Data for this task:
┏━━

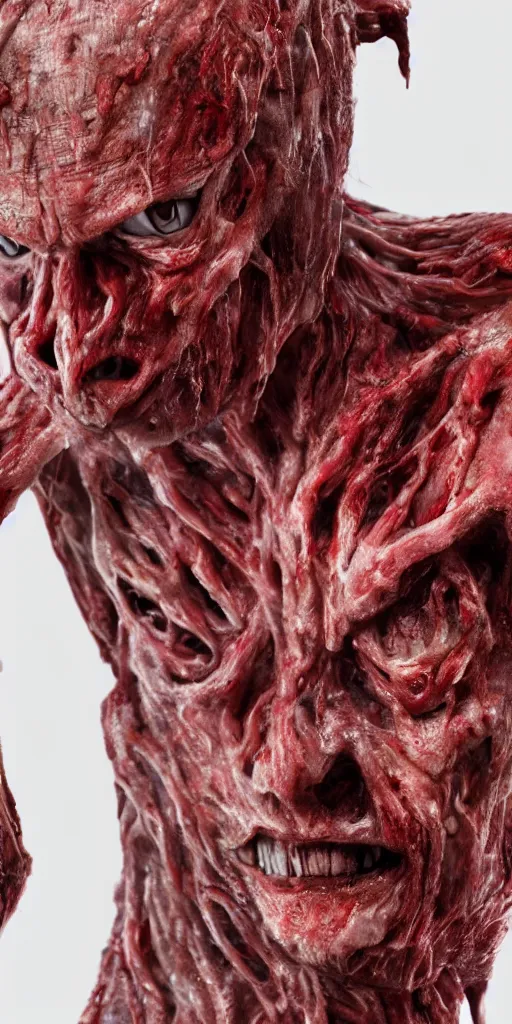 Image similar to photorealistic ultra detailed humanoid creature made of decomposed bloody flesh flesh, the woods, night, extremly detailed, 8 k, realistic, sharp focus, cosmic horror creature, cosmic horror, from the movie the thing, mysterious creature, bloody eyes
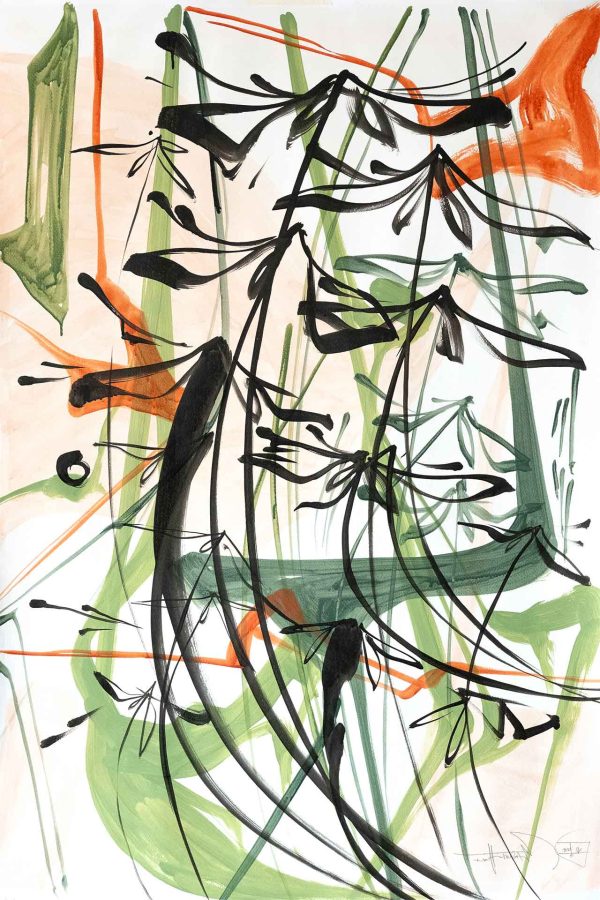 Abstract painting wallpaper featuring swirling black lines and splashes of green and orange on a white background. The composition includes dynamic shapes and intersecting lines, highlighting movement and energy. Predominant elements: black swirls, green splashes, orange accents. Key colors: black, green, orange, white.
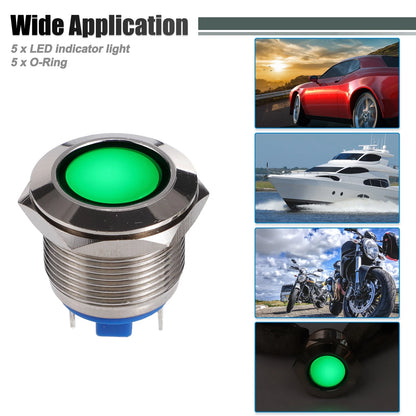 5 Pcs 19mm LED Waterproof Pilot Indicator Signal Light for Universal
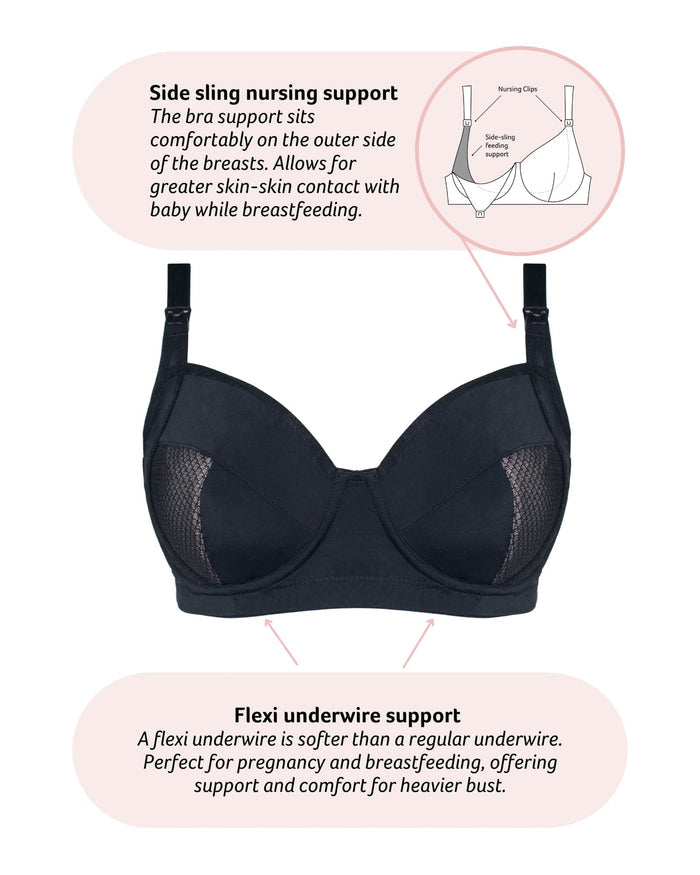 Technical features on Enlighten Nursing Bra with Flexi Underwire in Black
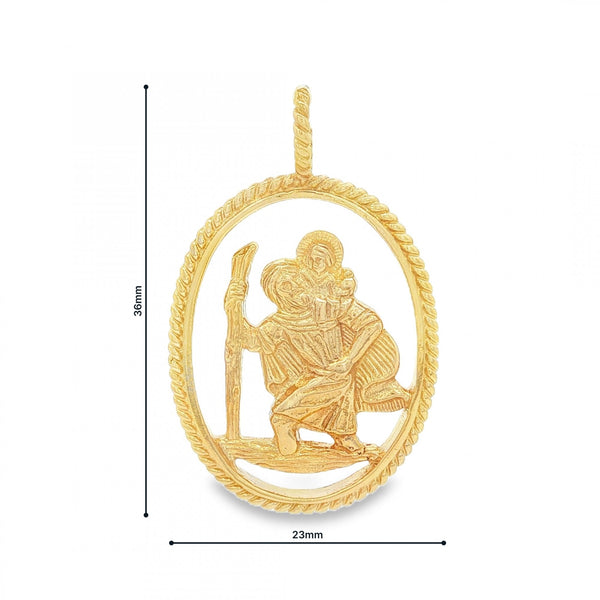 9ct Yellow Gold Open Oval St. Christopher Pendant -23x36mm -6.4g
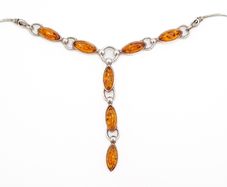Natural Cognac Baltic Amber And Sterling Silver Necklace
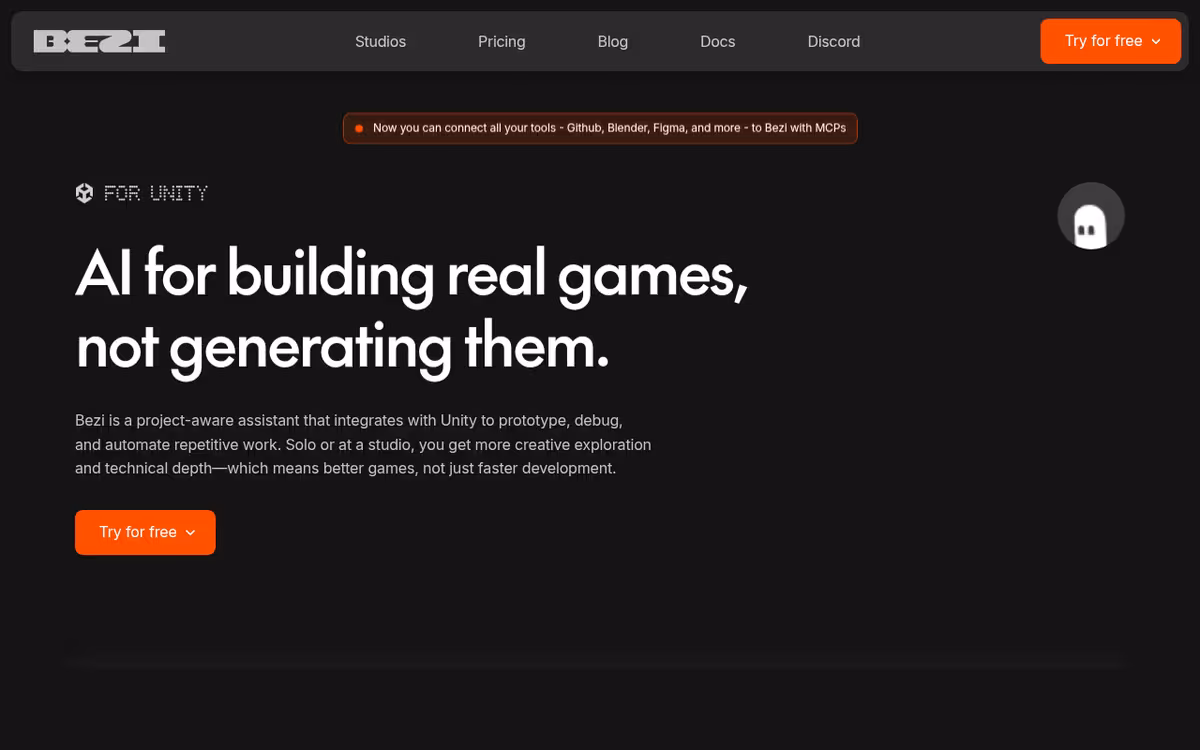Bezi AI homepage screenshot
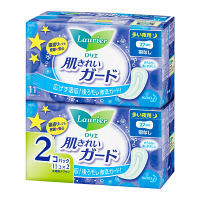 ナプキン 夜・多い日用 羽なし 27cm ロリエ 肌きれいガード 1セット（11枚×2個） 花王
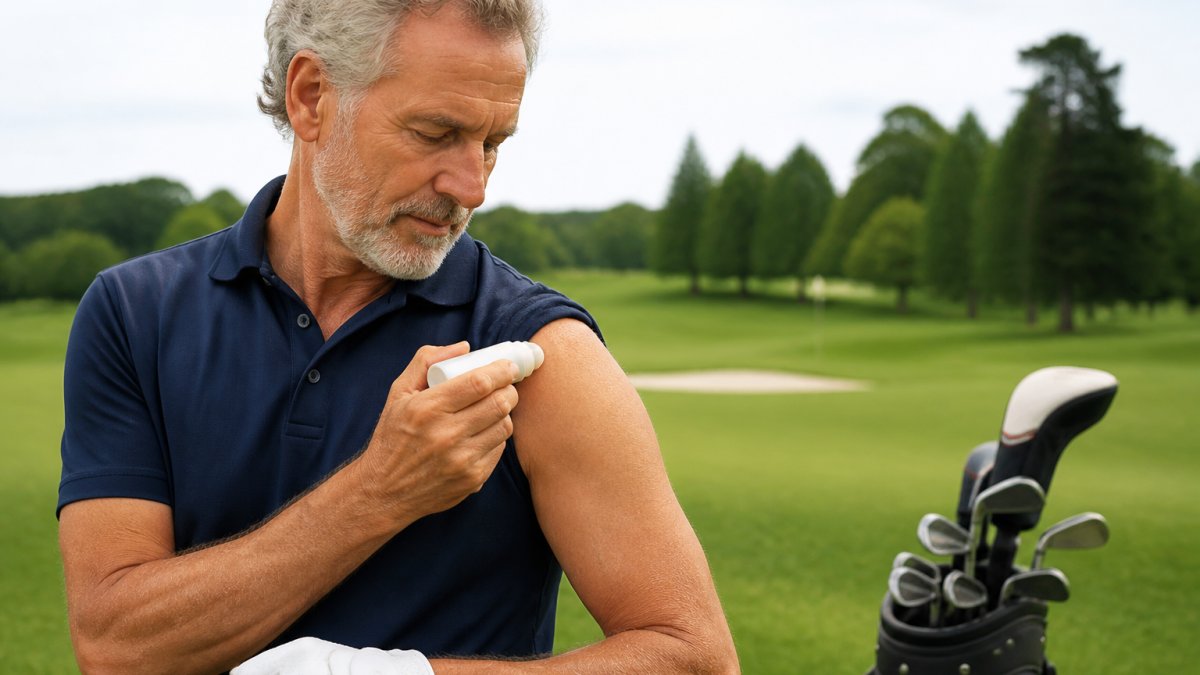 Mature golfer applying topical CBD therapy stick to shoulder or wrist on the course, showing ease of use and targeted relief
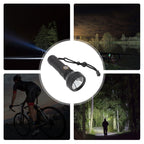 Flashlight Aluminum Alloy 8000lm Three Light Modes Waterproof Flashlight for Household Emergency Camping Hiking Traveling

┗━━

Exercise directions:
What is needed is a verbatim copy of the entries, leaving out any pictures.

Solution to this exercise:
 Image similar to photorealistic ultra detailed humanoid creature made of decomposed bloody flesh flesh, the woods, night, extremly detailed, 8 k, realistic, sharp focus, cosmic horror creature, cosmic horror, from the movie the thing, mysterious creature, bloody eyes
 Abstract painting wallpaper featuring swirling black lines and splashes of green and orange on a white background. The composition includes dynamic shapes and intersecting lines, highlighting movement and energy. Predominant elements: black swirls, green splashes, orange accents. Key colors: black, green, orange, white.
 5 Pcs 19mm LED Waterproof Pilot Indicator Signal Light for Universal
 Technical features on Enlighten Nursing Bra with Flexi Underwire in Black
 9ct Yellow Gold Open Oval St. Christopher Pendant -23x36mm -6.4g
Natural Cognac Baltic Amber And Sterling Silver Necklace
Bezi AI homepage screenshot
 ナプキン 夜・多い日用 羽なし 27cm ロリエ 肌きれいガード 1セット（11枚×2個） 花王
 Mature golfer applying topical CBD therapy stick to shoulder or wrist on the course, showing ease of use and targeted relief
 Flashlight Aluminum Alloy 8000lm Three Light Modes Waterproof Flashlight for Household Emergency Camping Hiking Traveling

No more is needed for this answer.